Моим испытанием была десятая сотня плит. Сотня, плиты которой не были частью лабиринта. Не темные и не светлые, не белые, не черные и не серые — они не могли существовать, но существовали. Они стояли за границами мира, существовав еще до его создания, и не открывались моему взгляду. Они будто бы всматривались в меня, что-то ожидая, чего-то ища — и не будучи способными найти.

Вздохнув, я ступил на первую плиту. 'Быстрая', на ней нельзя было задерживаться дольше трех секунд — и я ступил на вторую справа, плиту вечного голода. Она активировалась с промежутками в тридцать секунд, и у меня было время, чтобы пройти дальше.

Лабиринт, столь не проходимый для других, был детской игрой — ведь он сам подсказывал мне нужный путь, подсвечивая его и выставляя нужные плиты. Ему было не интересно убить первого посетителя за долгие сотни лет простейшими ловушками, и плиты десятой сотни тонко щерились улыбками вдали, становясь все ближе. Вторая, третья, четвертая сотня — лабиринт не может удержать того, кто видит его насквозь. И, что куда более важно, лабиринт не может удержать того, кого удерживать не хочет.

Порой я натыкался на скелеты тех, кто пытался пройти лабиринт, не имея на то разрешения — они оставались на наиболее заметных плитах, будто бы Храм сам выставлял их тела напоказ в предупреждение следующим поколениям. Порой я запинался — когда в одном месте оказывались однозначно смертельные плиты, но всякий раз находился выход, пусть даже и в последний миг. Лабиринт играл со мной, подбрасывая все новые и новые ловушки. Он будто бы красовался, являя глазу все более и более сложные чары. Плиты бесконечного золота, плиты спасения, плиты света, плиты тьмы — в Лабиринте было все. Однажды я даже заметил плиту Вавилона — любой ступивший на нее оказался бы обладателем всех сокровищ мира, что когда-либо существовали или будут существовать. Жаль только, что сойти с этой плиты он никогда бы не смог.

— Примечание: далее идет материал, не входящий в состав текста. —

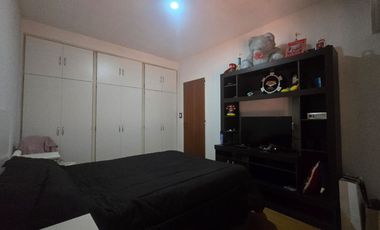 Excelente Casa 4 amb, Jardin,quincho, coch, Lanús.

Седьмая и восьмая сотня — здесь кончались простые ловушки, и начинался совсем иной путь — путь души. Плиты, наступив на которые, человек бы получил то, чего жаждет больше всего. Плиты, воплощавшие худшие кошмары, плиты, вырывавшие эйдос или лишавшие крыльев. Плиты, менявшие суть — светлый, наступив на них, стал бы темным, а некромаг — магом жизни. Плиты, обнулявшие силы наступившего. Были даже плиты, менявшие характер — зеркально обращая комплексы, превращая наступившего в свою противоположность... Или в то, что он ненавидит больше всего.

Восемьсот девяносто девятая плита. Последняя, известная мне. Пройденные плиты мягко усмехались за спиной, переливаясь на свету. У меня не было сомнений в том, что мне позволили пройти, слегка подталкивая в спину. Плиты отсутствующего цвета, плиты иных миров и пространств — они не могли существовать, но упорно отрицали это. У меня не было ключа к ним, я не знал, что меня ждет, когда я ступлю на них. Девятьсот плит лабиринта уже показали все, что укладывались в мое представление о возможном. Значит, осталось невозможное.

Плита под моими ногами угрожающе замерцала, не оставив мне иного выхода — и я ступил вперед. Ступил в неизвестность. Ступил туда, куда ступать не стоило.

Сознание разрывается на куски. Калейдоскоп отражений, бесконечный и неограниченный, раскрывается миллиардами зеркал, и я теряю себя в бесконечных лабиринтах.

Изумруды, яркие, словно кислота

— Квартира — моя! — крик мужчины в изрядном подпитии отражается от стен. — Где ты была, когда умирала мать? Я сидел с ней, меняя капельницы, пока ты трахалась с половиной города! А теперь твой недомуж тебя кинул, и ты со своим выродком притащилась сюда, и пытаешь отсудить у меня половину дома!

Почему они кричат?

— Мне нужно где-то жить! — Зозо не спала уже третьи сутки. Вскоре после родов ее муж исчез, не выдержав жизни с маленьким ребенком и загуляв. — И половина квартиры — моя!

Молодая женщина не понимала, почему на нее свалились эти беды, и почему брат вместо того, чтобы помочь, обливает презрением.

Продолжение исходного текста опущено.